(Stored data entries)

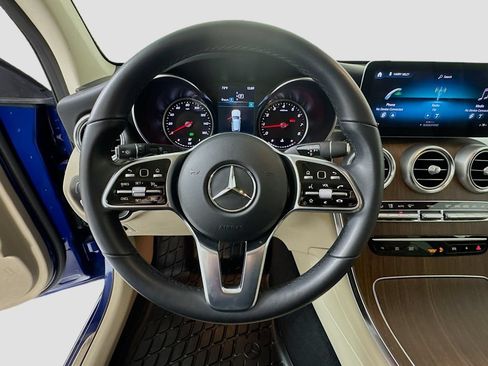 Used 2022 Mercedes-Benz GLC 300 4MATIC image 12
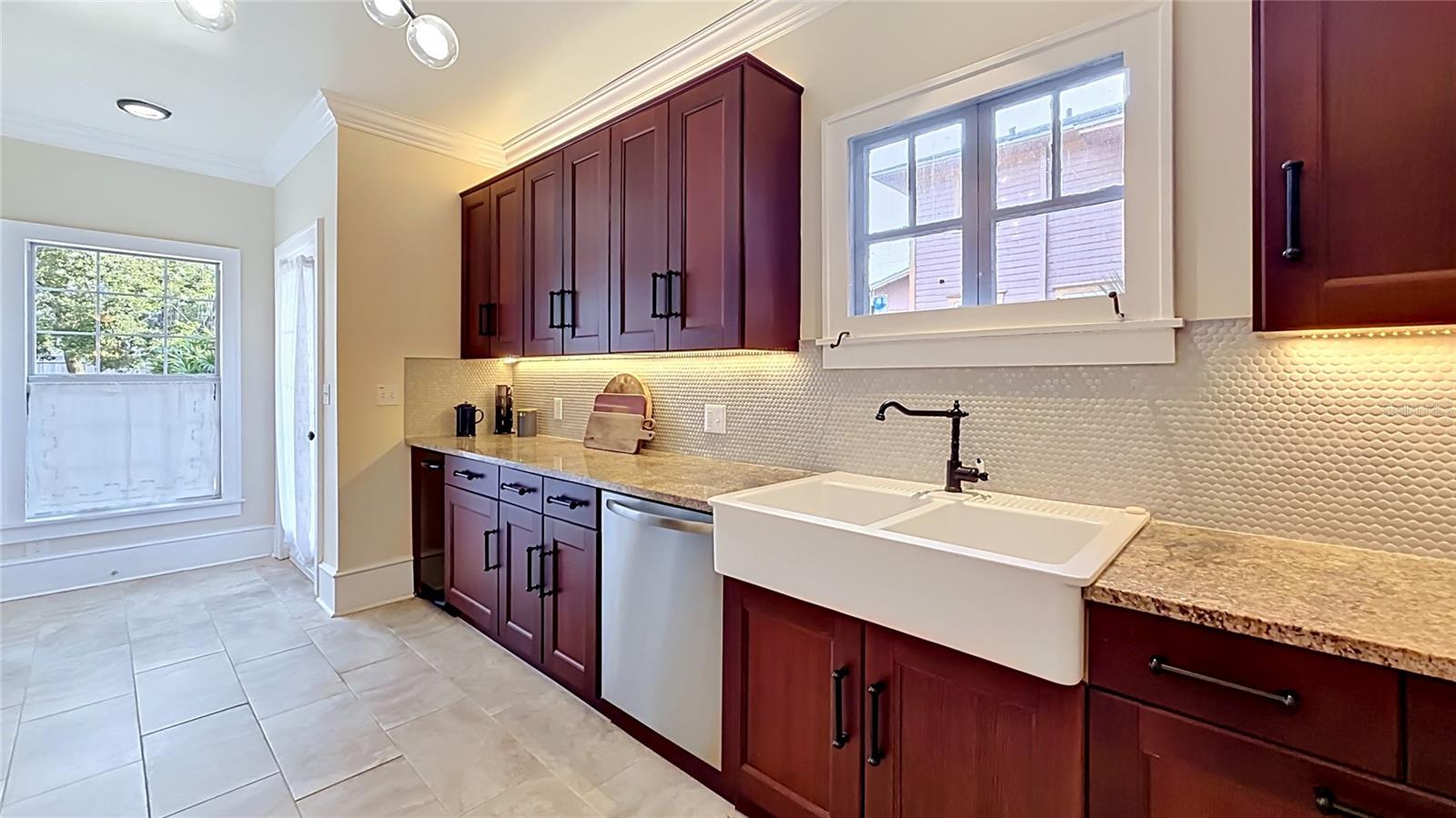 2-Bedroom Colonialtown Bungalow for Lease
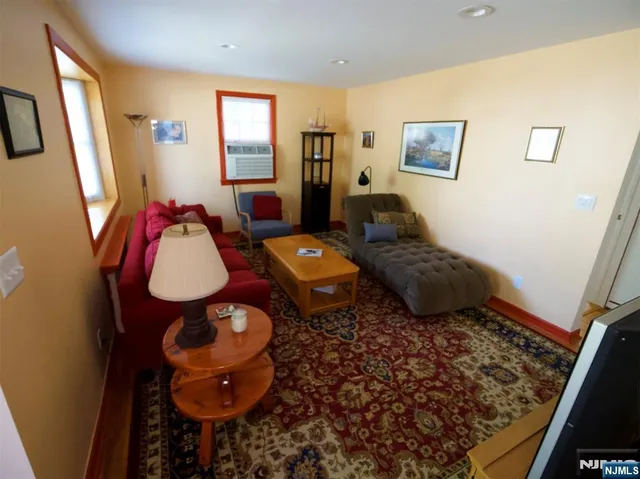 $4,000 | 7-22 Berdan Avenue, Fair Lawn, NJ 07410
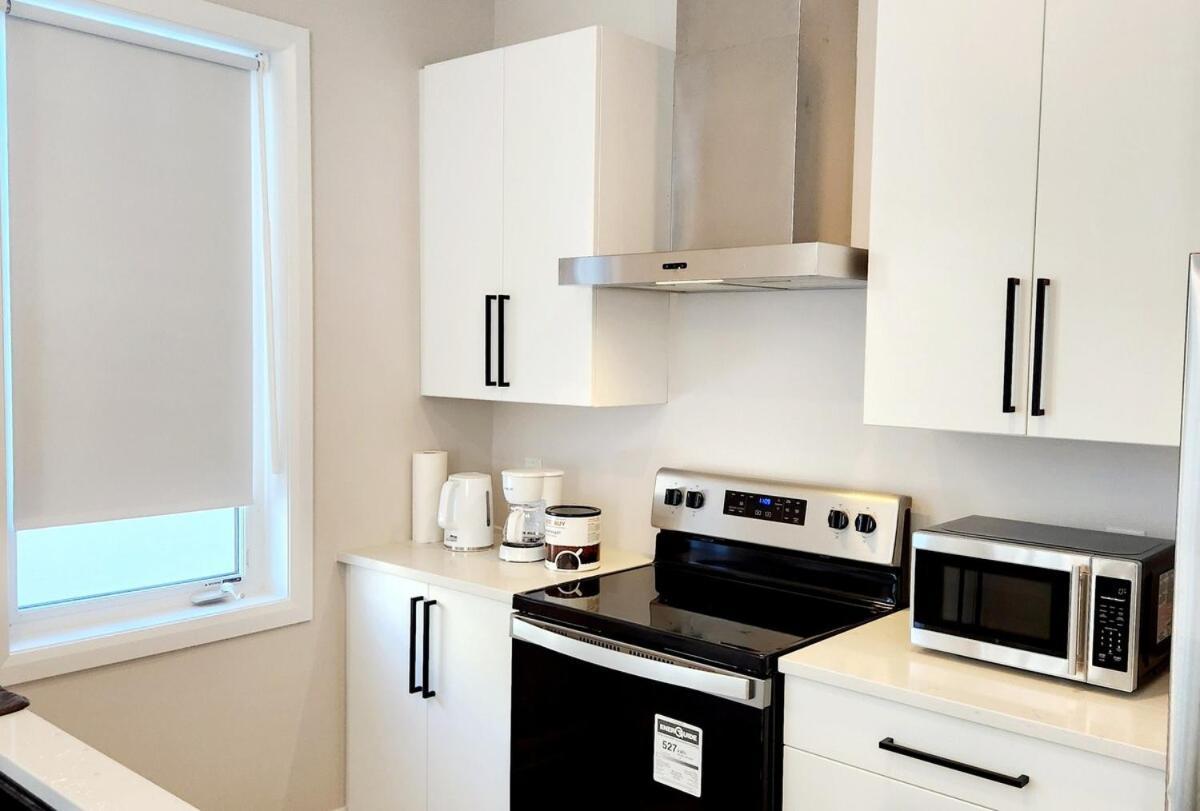 Spacious Family In Barrhaven Villa *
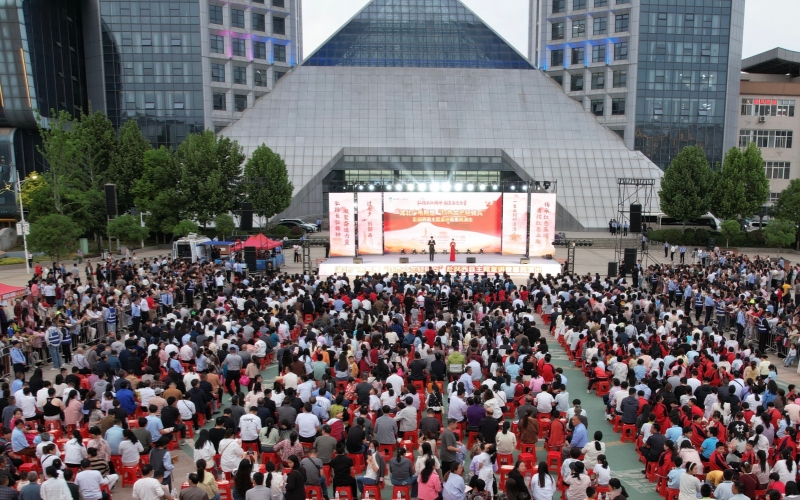 荆楚“红色文艺轻骑兵”主题宣讲暨惠民演出吸引近万名观众。徐军摄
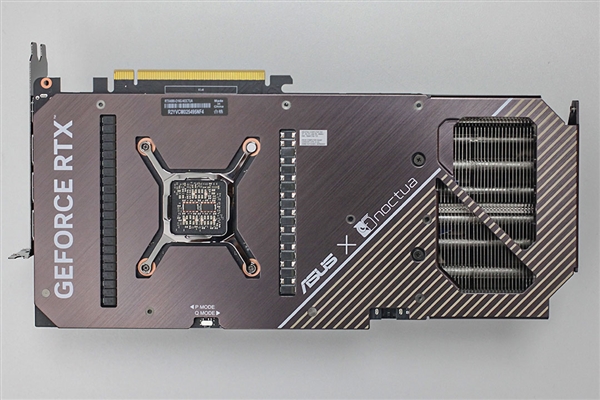 4.3槽庞然巨物！华硕猫头鹰版RTX 4080来了：噪音/温度喜人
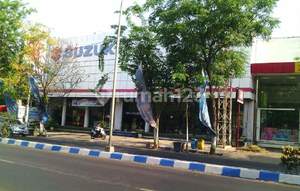 For Sale Commercial Space at Panglima Sudirman 1316 m², former showroom, Freehold Title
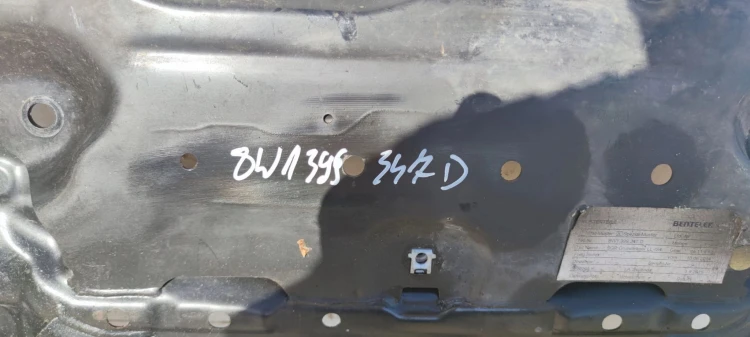 TRAWERS SANKI PRZÓD AUDI A4 B9 EU 8W1399347D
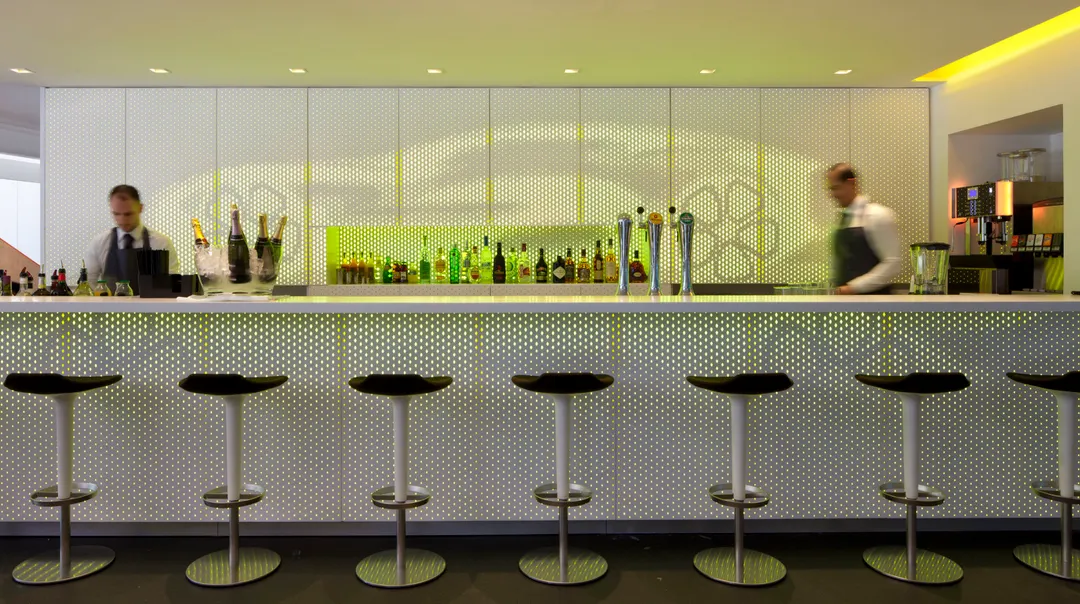 Le Défilé Renault Restaurant Galerie d'art Paris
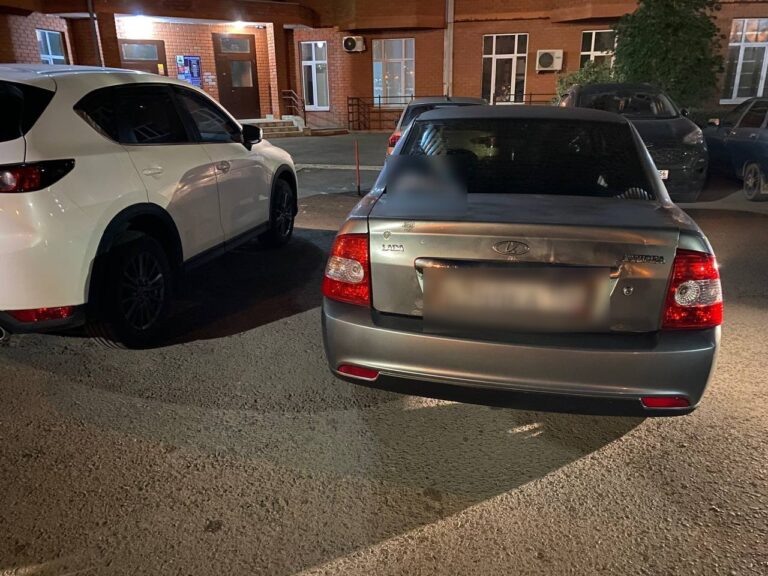    В Оренбурге молодой человек угнал автомобиль у друга и устроил ДТП Оренбуржье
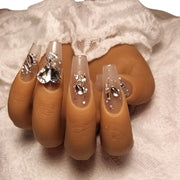 Press-on Nagels #024 – Nude Ballerina met Grote Hartvormige Diamant & Zilveren Rhinestones | Quida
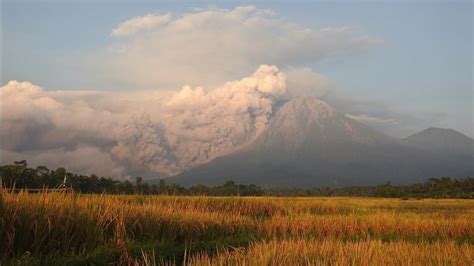 Gunung Semeru Erupsi, Semburkan Awan Panas Guguran Ke Arah Besuk Kobokan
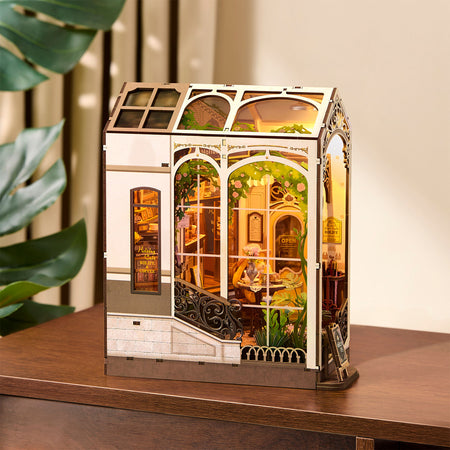 Raampartij in de zijkant van de Robotime Holiday Café, waardoor men via de zijkant in de book nook kan kijken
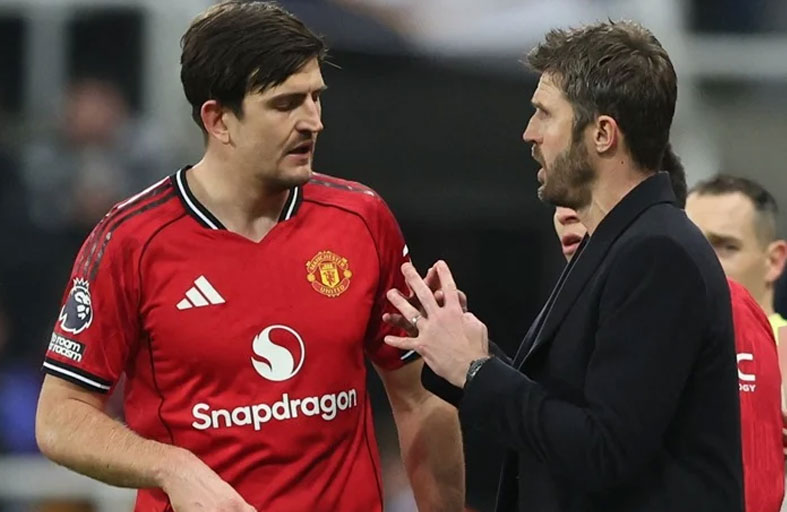 ماغواير: أسلوب كاريك الدفاعي أفضل من أموريم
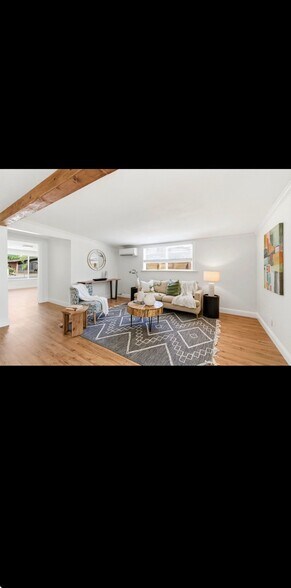 Building Photo - 1212 Buccaneer Dr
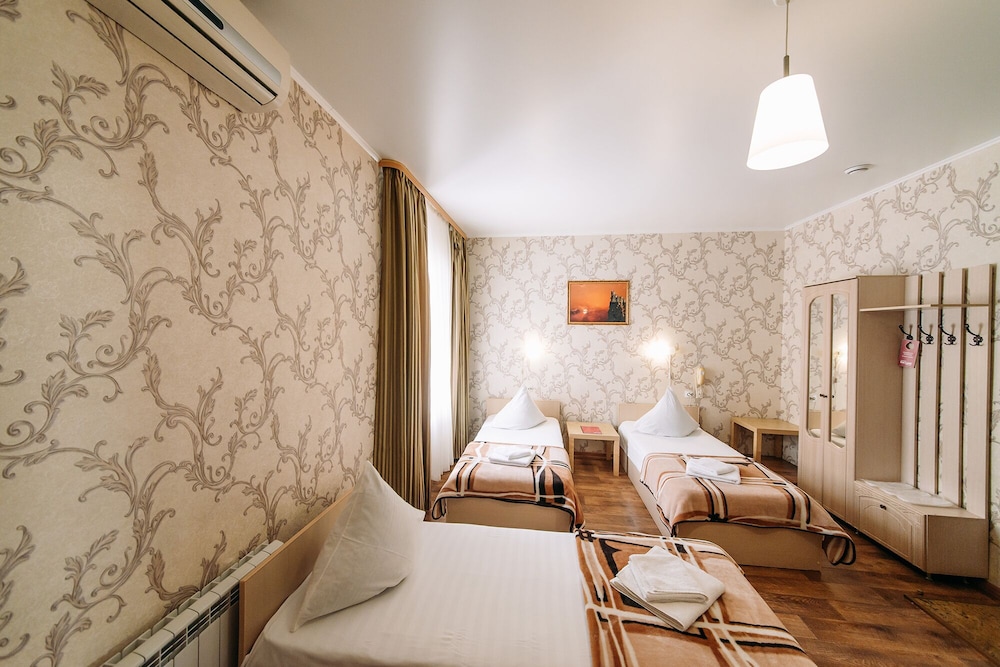 Standard Triple Room photo 3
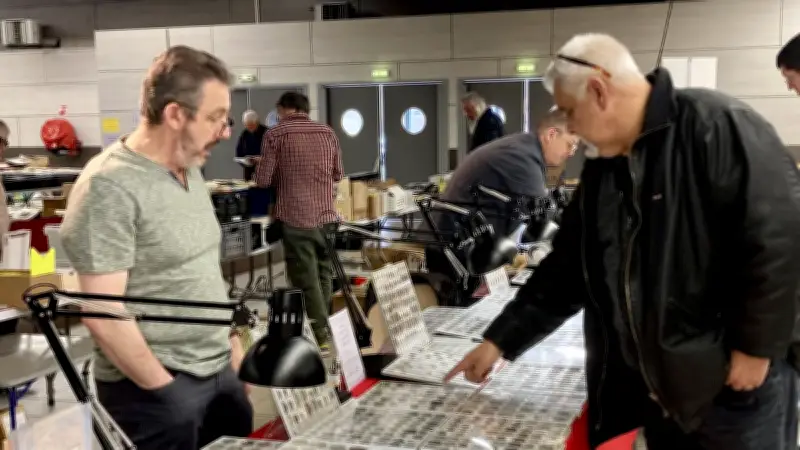 Le 32e Carrefour Collections de Mende réunit les passionnés de philatélie et numismatique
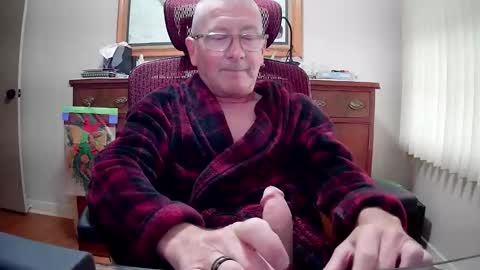 peepingmale online show from December 14, 2025, 1:16 pm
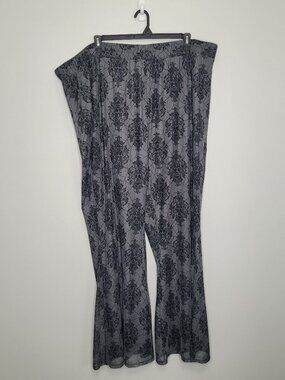 Torrid Nightfall black skull lace flare pull on plus size emo pants size 6x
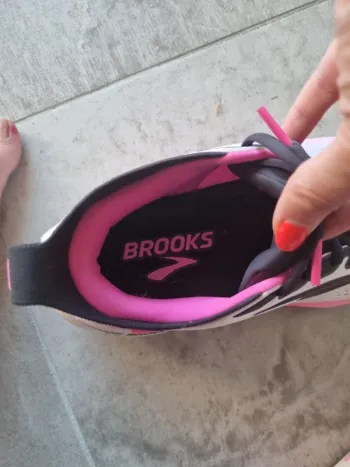 Used Brooks Glycerin 23 GTS bike — image 2 of 9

**EXERCISE OBJECTIVE:**
Above are some records. Reproduce the lines from the one with "Le Défilé Renault" down to the one with "Arah Besuk Kobokan", keeping both, and leave every picture out.

**EXERCISE OUTPUT:**
 Le Défilé Renault Restaurant Galerie d'art Paris
    В Оренбурге молодой человек угнал автомобиль у друга и устроил ДТП Оренбуржье
 Press-on Nagels #024 – Nude Ballerina met Grote Hartvormige Diamant & Zilveren Rhinestones | Quida
 Gunung Semeru Erupsi, Semburkan Awan Panas Guguran Ke Arah Besuk Kobokan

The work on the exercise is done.